Divorce and Self-Representation: A Fool’s Errand


A “fool’s errand” is an undertaking that is likely to be unsuccessful, useless or futile.

When considering commencing a divorce action, the thought of the potential legal fees involved sends chills up the spine of most individuals. Most often, these individuals realize the import of the issues involved and the expertise necessary to obtain the results they wish to attain. Other individuals, bloated with the legal knowledge gleaned from the inordinate legal dramas on television and movies, mistakenly confuse these shows with legal realities, and proceed to represent themselves in their divorce action. If you are considering representing yourself in a divorce, there are three important words you should know: DON’T DO IT!

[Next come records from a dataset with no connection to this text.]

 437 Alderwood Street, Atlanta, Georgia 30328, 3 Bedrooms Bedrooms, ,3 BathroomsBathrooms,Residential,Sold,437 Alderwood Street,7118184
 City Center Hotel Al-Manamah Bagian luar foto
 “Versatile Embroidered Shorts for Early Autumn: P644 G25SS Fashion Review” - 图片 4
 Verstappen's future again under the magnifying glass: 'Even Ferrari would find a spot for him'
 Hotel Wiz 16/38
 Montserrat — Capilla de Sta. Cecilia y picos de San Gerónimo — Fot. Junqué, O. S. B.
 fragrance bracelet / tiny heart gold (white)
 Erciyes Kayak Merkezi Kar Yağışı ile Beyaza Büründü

Judges and attorneys cringe when they hear someone is proceeding pro se. If your case is before a judge, he/she will undoubtedly urge you to retain counsel, and caution that if you fail to do so, you will be held to the same knowledge and requirements as opposing counsel. This statement in and of itself should cause a reasonable person to re-think his/her course of action. Furthermore, this individual must also realize that to proceed without legal knowledge will only serve to cause exasperation to the Court, and try its patience throughout the litigation. The reasons to avoid self-representation have nothing to do with a lack of intelligence or other such deficit. Quite simply, the most obvious reason to avoid self-representation is a lack of legal knowledge. While anyone can Google a particular body of law, there are inordinate nuances and discretionary factors to be applied that you cannot maneuver merely by engaging in extensive internet searches. Furthermore, no matter how many of your friends and relatives have been divorced, they will not be able to advise you sufficiently regarding your particular action. There are numerous other considerations which may very well result in a negative outcome and unanticipated legal expense if you insist on self-representation: • In addition to the requirement that you know the specific area of law you are attempting to practice, there are numerous procedural rules to be followed. Failure to adhere to such rules can be fatal to your case in connection with tasks, including but not limited to: the filing of required documents, the drafting of applications for relief, the presentation of evidence, and the timely adherence to specific deadlines. • In the event that your lack of legal and/or procedural knowledge results in frivolous maneuvers and/or delays in the litigation, you may be subject to an order directing that you pay the legal fees of your spouse. This can occur whether you are the monied or non-monied spouse.



• While your spouse’s attorney has an obligation to be professional and civil to you during the litigation, he/she is not there to teach you the law. Likewise, the court is not permitted to give you legal advice. You will be truly on your own regarding the complicated issues and legalities in your divorce action.


The most dangerous aspect of self-representation is that often times, either during the litigation or after it has been concluded, a pro se litigant discovers that he/she should have done something differently in connection with a significant issue. Often times, this compels the pro se litigant to “bite the bullet” and retain legal counsel to “fix” his/her mistake. Unfortunately, even the best attorney cannot always undo or fix certain mistakes made by the pro se litigant. Furthermore, even if it can be done, it is often at great legal expense.


Especially in cases where there are child custody and/or significant financial issues at stake, self-representation is the epitome of being “penny wise and pound foolish.” If you really feel compelled to represent yourself in a divorce action, the best advice may be to delay the commencement of your action, go to law school, and file for divorce after your admission to the Bar.